Take each line of the entries below that contains "cooked" and copy it.

▶ **Web page caption snippets**
━━━━

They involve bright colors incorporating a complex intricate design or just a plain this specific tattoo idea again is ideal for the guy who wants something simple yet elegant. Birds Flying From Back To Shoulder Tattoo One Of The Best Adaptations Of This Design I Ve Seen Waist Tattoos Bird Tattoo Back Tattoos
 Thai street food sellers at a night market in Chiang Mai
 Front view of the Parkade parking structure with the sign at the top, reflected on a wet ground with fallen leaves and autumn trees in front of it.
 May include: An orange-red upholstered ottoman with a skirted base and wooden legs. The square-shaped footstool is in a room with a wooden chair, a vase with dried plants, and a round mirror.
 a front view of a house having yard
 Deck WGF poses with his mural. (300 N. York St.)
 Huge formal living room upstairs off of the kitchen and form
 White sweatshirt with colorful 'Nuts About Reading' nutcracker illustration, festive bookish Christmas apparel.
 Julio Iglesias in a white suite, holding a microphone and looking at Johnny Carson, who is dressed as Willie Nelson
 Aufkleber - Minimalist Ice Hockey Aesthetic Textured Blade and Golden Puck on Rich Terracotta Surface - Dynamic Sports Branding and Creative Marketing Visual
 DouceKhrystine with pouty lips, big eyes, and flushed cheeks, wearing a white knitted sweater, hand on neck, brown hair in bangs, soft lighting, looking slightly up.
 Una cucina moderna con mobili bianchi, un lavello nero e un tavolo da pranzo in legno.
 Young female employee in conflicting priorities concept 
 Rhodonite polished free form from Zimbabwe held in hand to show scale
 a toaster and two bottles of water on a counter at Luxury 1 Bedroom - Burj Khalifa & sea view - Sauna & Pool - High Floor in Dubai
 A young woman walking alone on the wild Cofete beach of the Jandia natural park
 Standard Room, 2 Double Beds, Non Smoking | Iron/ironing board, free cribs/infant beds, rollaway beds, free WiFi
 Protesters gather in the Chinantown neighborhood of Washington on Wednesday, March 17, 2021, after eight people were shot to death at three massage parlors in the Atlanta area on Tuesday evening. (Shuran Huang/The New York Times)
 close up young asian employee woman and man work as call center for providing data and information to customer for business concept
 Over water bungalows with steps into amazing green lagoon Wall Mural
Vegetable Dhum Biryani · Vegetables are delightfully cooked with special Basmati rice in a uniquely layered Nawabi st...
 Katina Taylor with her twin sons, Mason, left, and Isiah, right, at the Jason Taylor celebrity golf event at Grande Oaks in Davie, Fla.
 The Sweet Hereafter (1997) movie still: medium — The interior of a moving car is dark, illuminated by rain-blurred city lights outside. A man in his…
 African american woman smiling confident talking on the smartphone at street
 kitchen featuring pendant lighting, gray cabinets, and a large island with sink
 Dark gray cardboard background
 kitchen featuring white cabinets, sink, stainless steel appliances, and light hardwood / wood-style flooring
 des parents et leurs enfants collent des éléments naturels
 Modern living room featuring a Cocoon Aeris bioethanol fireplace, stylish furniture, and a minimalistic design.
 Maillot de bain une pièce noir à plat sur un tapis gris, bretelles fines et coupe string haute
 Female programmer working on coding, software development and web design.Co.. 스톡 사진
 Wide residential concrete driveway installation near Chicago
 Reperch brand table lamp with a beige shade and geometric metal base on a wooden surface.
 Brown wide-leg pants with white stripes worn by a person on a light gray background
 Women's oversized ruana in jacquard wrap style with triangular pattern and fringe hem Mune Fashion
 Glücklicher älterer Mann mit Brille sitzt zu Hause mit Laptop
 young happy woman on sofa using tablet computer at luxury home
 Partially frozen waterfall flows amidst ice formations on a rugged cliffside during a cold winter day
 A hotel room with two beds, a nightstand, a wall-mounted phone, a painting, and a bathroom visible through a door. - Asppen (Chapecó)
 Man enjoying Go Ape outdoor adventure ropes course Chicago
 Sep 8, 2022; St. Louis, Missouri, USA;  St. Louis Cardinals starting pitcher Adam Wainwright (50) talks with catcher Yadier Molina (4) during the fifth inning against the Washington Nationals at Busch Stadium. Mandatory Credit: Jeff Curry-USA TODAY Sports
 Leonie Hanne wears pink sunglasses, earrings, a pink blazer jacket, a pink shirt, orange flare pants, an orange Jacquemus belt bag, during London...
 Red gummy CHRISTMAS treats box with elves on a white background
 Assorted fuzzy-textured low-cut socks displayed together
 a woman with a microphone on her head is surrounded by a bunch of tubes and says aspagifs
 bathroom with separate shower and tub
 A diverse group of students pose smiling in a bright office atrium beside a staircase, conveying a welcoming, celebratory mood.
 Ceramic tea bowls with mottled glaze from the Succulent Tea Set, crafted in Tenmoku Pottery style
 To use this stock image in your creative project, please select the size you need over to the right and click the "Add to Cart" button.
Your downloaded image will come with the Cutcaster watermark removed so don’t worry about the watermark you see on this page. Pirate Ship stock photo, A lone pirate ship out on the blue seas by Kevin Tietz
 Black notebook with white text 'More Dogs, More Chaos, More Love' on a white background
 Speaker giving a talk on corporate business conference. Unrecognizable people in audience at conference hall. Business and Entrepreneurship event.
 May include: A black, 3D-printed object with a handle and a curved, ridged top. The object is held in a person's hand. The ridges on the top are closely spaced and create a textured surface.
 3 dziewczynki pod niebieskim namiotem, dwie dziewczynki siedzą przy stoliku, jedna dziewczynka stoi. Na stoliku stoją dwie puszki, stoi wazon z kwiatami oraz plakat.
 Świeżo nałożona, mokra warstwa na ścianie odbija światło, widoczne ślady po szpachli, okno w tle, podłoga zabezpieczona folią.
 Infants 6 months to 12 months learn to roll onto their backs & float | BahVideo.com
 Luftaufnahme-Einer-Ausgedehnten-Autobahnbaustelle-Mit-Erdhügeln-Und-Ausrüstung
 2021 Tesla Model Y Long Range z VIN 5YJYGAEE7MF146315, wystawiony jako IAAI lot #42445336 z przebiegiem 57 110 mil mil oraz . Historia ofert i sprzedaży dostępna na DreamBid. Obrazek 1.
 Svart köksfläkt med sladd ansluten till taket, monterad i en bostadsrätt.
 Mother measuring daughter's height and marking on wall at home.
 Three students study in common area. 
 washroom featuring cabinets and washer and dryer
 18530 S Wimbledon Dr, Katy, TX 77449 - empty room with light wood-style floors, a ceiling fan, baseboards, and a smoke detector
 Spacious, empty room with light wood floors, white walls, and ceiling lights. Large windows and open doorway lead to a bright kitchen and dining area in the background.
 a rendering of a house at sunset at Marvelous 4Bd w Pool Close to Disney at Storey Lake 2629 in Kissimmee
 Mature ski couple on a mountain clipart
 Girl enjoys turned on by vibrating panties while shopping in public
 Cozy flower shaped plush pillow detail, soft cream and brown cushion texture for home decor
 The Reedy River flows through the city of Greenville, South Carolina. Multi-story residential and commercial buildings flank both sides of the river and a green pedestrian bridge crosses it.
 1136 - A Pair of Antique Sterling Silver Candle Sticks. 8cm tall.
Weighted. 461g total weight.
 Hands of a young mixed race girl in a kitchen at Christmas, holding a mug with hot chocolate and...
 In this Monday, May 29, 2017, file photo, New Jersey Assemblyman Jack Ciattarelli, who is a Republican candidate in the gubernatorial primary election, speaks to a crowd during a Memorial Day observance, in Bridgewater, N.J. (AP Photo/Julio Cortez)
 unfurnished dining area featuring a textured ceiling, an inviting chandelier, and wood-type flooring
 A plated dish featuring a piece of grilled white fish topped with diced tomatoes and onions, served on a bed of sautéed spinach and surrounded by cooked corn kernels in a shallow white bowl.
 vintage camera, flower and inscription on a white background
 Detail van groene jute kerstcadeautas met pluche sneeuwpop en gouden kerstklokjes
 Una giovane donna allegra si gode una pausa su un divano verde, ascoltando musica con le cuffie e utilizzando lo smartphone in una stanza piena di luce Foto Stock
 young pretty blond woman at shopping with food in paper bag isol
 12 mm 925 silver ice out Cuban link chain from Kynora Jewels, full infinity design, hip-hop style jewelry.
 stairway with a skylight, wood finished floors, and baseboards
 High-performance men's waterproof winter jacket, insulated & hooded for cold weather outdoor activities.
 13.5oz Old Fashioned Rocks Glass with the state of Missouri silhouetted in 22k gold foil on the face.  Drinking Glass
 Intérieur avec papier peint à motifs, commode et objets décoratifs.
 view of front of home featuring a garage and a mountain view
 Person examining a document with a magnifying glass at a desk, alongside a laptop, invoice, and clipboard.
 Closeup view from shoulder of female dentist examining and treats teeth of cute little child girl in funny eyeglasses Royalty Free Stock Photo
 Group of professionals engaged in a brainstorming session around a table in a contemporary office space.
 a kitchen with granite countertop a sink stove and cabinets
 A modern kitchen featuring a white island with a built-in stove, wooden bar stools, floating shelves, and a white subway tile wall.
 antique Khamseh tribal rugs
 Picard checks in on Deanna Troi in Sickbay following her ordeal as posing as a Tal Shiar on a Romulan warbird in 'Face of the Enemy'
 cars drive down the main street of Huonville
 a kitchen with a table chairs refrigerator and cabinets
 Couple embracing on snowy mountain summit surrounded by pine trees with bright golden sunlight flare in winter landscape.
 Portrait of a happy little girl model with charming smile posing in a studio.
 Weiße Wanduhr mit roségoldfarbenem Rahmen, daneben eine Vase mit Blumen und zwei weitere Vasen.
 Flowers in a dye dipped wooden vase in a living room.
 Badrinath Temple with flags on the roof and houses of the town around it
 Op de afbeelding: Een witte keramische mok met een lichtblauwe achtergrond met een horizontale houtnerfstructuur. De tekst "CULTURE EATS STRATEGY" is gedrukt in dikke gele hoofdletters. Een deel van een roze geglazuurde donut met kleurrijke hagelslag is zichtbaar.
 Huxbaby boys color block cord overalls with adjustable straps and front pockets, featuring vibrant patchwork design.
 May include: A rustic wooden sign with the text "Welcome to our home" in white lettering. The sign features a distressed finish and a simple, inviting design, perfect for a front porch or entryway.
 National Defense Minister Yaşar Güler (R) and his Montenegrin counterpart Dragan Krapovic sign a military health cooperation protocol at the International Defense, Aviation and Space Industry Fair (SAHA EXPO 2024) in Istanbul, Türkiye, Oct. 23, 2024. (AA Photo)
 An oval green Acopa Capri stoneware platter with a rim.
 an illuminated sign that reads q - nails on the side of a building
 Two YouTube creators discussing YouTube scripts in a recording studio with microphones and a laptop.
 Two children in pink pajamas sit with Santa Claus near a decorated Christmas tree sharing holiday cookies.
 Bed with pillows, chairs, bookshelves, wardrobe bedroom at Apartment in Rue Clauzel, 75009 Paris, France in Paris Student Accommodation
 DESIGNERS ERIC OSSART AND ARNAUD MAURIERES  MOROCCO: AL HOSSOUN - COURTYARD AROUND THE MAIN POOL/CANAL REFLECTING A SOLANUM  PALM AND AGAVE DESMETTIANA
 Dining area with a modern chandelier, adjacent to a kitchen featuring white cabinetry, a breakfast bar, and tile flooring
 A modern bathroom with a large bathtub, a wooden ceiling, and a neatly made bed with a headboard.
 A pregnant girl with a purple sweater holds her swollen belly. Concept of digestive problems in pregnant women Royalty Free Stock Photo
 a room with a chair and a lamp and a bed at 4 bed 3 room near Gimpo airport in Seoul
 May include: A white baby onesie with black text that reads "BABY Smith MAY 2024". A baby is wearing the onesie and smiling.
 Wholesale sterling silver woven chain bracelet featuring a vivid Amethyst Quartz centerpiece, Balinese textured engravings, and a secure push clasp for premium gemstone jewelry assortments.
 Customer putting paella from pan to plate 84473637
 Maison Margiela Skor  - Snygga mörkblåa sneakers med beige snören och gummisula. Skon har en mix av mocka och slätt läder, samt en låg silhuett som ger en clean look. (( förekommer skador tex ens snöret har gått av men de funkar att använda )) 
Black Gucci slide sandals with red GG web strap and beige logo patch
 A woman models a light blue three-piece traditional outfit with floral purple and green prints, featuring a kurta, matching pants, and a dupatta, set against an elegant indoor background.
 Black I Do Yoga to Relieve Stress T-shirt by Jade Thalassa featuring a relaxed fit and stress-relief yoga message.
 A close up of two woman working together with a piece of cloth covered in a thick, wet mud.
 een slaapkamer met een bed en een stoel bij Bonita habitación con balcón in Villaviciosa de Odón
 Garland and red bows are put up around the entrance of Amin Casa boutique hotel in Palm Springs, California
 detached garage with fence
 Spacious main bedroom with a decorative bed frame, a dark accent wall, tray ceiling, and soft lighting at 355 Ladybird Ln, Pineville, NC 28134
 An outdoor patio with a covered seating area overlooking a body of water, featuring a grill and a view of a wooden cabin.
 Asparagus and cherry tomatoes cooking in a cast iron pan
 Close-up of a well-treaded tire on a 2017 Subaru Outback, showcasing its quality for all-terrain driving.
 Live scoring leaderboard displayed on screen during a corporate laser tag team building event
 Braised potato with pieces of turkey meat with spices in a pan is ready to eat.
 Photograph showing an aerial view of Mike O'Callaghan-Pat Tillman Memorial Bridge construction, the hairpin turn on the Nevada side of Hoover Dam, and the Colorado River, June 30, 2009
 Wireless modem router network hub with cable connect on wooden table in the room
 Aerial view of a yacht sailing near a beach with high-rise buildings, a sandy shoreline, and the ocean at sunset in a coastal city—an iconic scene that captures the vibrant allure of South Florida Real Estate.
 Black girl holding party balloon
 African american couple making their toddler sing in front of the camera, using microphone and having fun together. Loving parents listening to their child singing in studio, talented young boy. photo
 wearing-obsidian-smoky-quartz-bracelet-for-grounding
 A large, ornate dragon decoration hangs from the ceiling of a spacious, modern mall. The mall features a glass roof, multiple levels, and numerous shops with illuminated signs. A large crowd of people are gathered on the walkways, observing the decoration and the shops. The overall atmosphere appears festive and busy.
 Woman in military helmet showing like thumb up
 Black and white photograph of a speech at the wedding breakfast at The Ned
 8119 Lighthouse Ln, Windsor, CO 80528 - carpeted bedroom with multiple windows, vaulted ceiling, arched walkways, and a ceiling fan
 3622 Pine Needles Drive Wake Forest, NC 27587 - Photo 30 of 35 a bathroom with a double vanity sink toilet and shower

━━━━

▶ **Answer for this exercise**
Vegetable Dhum Biryani · Vegetables are delightfully cooked with special Basmati rice in a uniquely layered Nawabi st...
 A plated dish featuring a piece of grilled white fish topped with diced tomatoes and onions, served on a bed of sautéed spinach and surrounded by cooked corn kernels in a shallow white bowl.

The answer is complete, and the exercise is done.